Hello,
According to Sandeep’s advice, it is working but not working with actual regex. Please find the code as below. (Here I want to take url for example. “/shuttle/missions/sts-68/news/sts-68-mcc-05.txt”
val pattern = “”"(\ /)(\S+)(\S*)"""
val line1 = “”“in24.inetnebr.com - - [01/Aug/1995:00:00:01 -0400] “GET /shuttle/missions/sts-68/news/sts-68-mcc-05.txt HTTP/1.0” 200 1839"”"
val pattern(ip,x,y)= line1
Please find the error.
scala.MatchError: in24.inetnebr.com - - [01/Aug/1995:00:00:01 -0400] “GET /shuttle/missions/sts-68/news/sts-68-mcc-05.txt HTTP/1.0” 200 1839 (of class ja
va.lang.String)
… 48 elided
I could mange to get the URL with below code but I think this not a good practice. Please help.

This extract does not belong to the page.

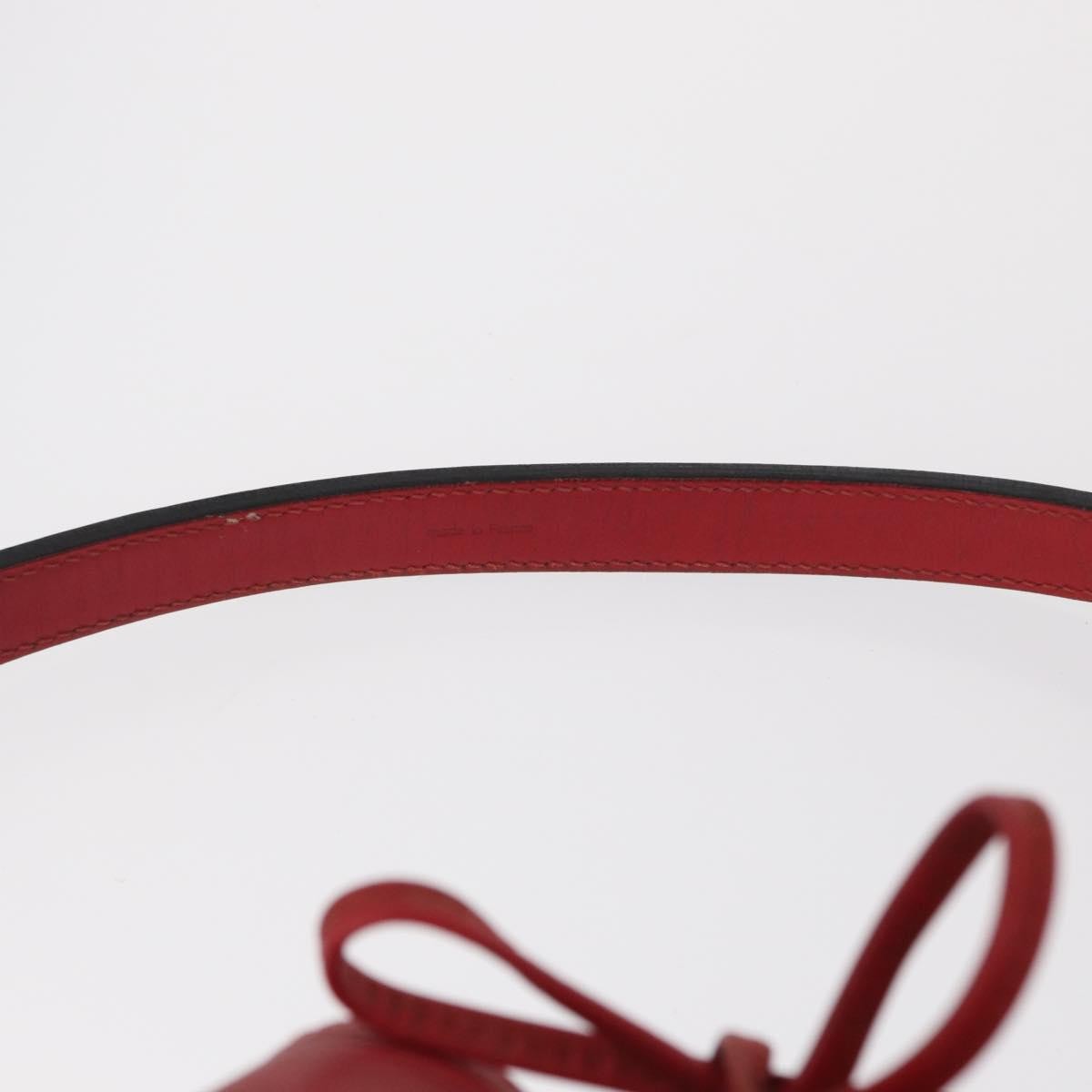 Louis Vuitton Petit Noe Epi Leather Red Leather Shoulder Bag Bag (Pre-Owned)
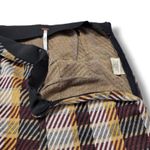 Pants Size 0 W20"xL26" Womens Free People Cropped Flared Pants Plaid Pants Photo 4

// below fuction gives only URL //
def extractURL(line:String):(String) = {
var arr = line.split(" ");
arr(6).trim
} // the above function is working fine … gives only URL
scala> var nurlkeyval = urlaccesslogs.map(line=>(extractURL(line),1))
n_url: org.apache.spark.rdd.RDD[(String, Int)] = MapPartitionsRDD[14] at map at :36
var urlcounts = nurlkeyval.reduceByKey((a,b) => (a+b))
var urlcountsOrdered = urlcounts.sortBy(f => f._2, false);
urlcountsOrdered.take(10)